During yesterday's practice riding on Natasha, my new-to-me 1996 Ural Sportsman sidecar motorcycle, I had been having much trouble finding second gear and up. The rig is not that fast off the mark as it is and delays in finding the next gear would cause me to back up traffic behind me....not good.
I sought advice from Phil, the PO and from the online forums. That's where I saw the techniques used by others and the expression that generated the title of this blog.
Russian motorcycle transmissions are not for the faint of heart. They make grinding noises until well broken in....one wag said basically you're doing the final machining of the gears by shifting them!
The Urals come with heel-toe shifters and now I know why. I'd never used one before and yesterday the heel portion of the shifter had produced crappy results.
Armed with Phil's advice and techniques described in the Russian Iron and Soviet Steeds forums I went out this morning to try it again.
Right from the first use of second gear, the new technique worked! Still some small grinding noises even after waiting a full second between rolling off the throttle and engaging the next gear. However, I can now FIND second gear in a timely manner.
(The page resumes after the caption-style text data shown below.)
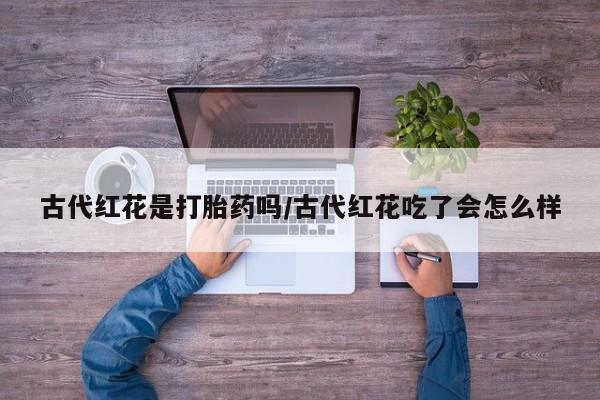 米非司酮网上药店微信古代红花是打胎药吗/古代红花吃了会怎么样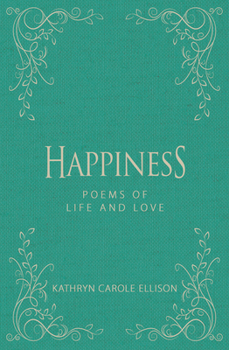 Hardcover Happiness: Poems of Life and Love Book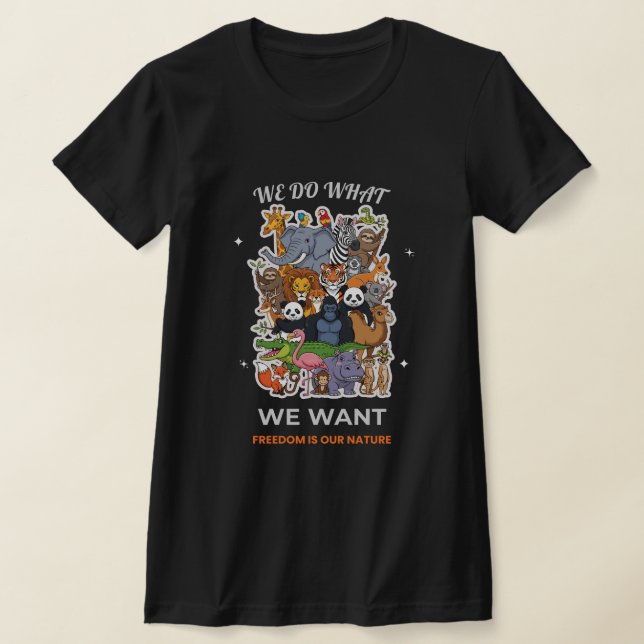 We Do What We Want – Freedom Is Our Nature Animal  T-Shirt (Ablage )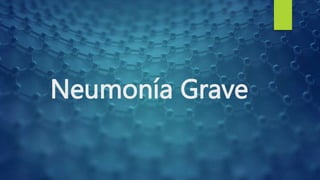 Neumonía Grave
I could actually almost keep up with traffic and not be a hindrance.
Here's what works for me: Get the rig going till its time to shift to second, pull in clutch, roll off throttle...engage the heel shifter with ball of foot and smooth and continuous push down until you feel the gear engage. Release clutch, roll on throttle and away you go! I can't tell you how happy I am that I've got the technique down, now its just practice and muscle memory development in order to find the dang heel shifter with my boot each time without looking down.
I went over to the nearby police station, up the nearby hillside for pictures of Natasha without her fairing and leg protectors. Too warm yet, will wait till first snow storm perhaps to put them back on. I think you'll like the way she looks.
Afterwards, I headed towards Quincy road to see how fast I could get her going in those long straightaways east of Gun Club Road. Takes a bit but I got her to 100 kph without any major issues. Sometimes, if the hill was steep or long enough, I had to downshift to 3rd to power up to the top but mostly I was in 4th gear.
Steering inputs are constant but small at higher speeds. You really can't let your mind wander. At one point, I found the rig had steered itself over the center line! She tends to pull to the left for whatever reason and you have to watch it! I gingerly forced the wheel over, after failing to move her by leaning (two wheel muscle memory reaction)and got back in my own lane safely.
Here's a couple of shots at another spot where I like to pose motorcycles. That's Quincy Road in the distance, heading east to Colorado's eastern plains.
Update: 29SEP09: Have become more proficient at shifting gears on Natasha, now using heel for up shifts and toe for downshifts....sometimes I even shift gears with no grinding noises! : )
Update:02NOV09: Per the 1998 manual (close enough to 1996 for Russian work), one must not exceed 12 kph before shifting into second gear! Holy crap, that's like starting to shift into second once you've barely got her moving! It's a limit of 9 kph before the engine is "broken in" at 2500 Km.